野薔薇は香水瓶でも割れたのかと思い、所狭しと化粧品を並べたローテーブルを確かめるが、ヒビ一つはいっていなかった。
すんすんと、鼻を頼りに匂いの元をたどるとキッチンに行き着いた。白い家電製品の上段を開け、──特に問題なかった──下段を開ける。
嫌な予感ほどよくあたるというけれど、やはりというべきか、アイスの類が液状化して冷凍室をカラフルに染めあげていた。
「……マジ?」
冷蔵庫が壊れた。それも冷凍室だけ。新製品なので高機能です。十年は保ちます、なんてセールス文句は嘘だったらしい。高専の寮を出て、ひとり暮らしを始めてすぐの時に買ったから、まだ何年も経っていないのに。
一先ずカラフルになったケースを外し水洗いしてみる。しょうがない買い換えるか、でもうまく使えば冷凍庫なしでまだ使えそうだな、でもアイス食べたいよな。
最近、ひとりごとが多くなった気がする。話し相手がいないのだから当たり前だけど。家にいる時は良いにしても、外でぶつぶつ言ってしまうんじゃないかと心配になる。呪霊と話してました、とでも言えば通るか。あ、でも霊と話すとついてくるんだっけ。それはわずらわしい。
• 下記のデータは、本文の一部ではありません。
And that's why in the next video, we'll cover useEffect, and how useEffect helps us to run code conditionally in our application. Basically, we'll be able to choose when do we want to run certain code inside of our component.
『冷蔵庫、つーか冷凍庫こわれたんだけど、買い換えた方がいいと思う?』
『いいと思う』
『不良品かしら、萎える』
『いつ買ったの?』
『高専でたとき』
『はやいな、色々と。……わたしのとこのもなんか調子悪いけどさ』
『なまえのは中古でしょ。確か』
『うん。五条先生がくれた『これ卒業祝いね。冷蔵庫、かなり呪われてるけど払えばほぼ新品だから』つって』
『声真似うま。……呪われた冷蔵庫押しつけられて、しかも使うってどうなのよ』
『霊がいる分だけ冷えると思ったんじゃない。壊れたけど。野薔薇ちゃんはなに貰ったんだっけ?』
『コ・イ・ヌールもらったけど呪われたくないし、突き返した。なんで持ってたんだろ』
『国家機関とか絡んでたりして……にしてもいらないねえ……』
言いながら、彼女は高層ビルを見上げた。なにかあるのか、私もつられて見上げたが広告ビジョンが新製品を宣伝しているだけだった。飛び降りたくなるような青空だった。
なまえはなにか言おうとして止めて、私を見ながら自分の髪をぐしゃぐしゃとかき混ぜて俯いた。
冷蔵庫の話を彼女の方からも持ち出してきたあたりで、なんとなくだが察しはついていた。私から言ってもいいけど、そんなに思い倦ねているんだからきっと自分から言いたいのだろう。私は黙ったまま信号が変わるのを見つめた。
「冷蔵庫も……壊れたことだし、あのさ野薔薇ちゃん……わたしと、」
───私の目は、私の耳はありもしないものをみている。
ひとりさせるからと、寂しくないようにごめんな、と言って彼女が今際の際に残した術 だった。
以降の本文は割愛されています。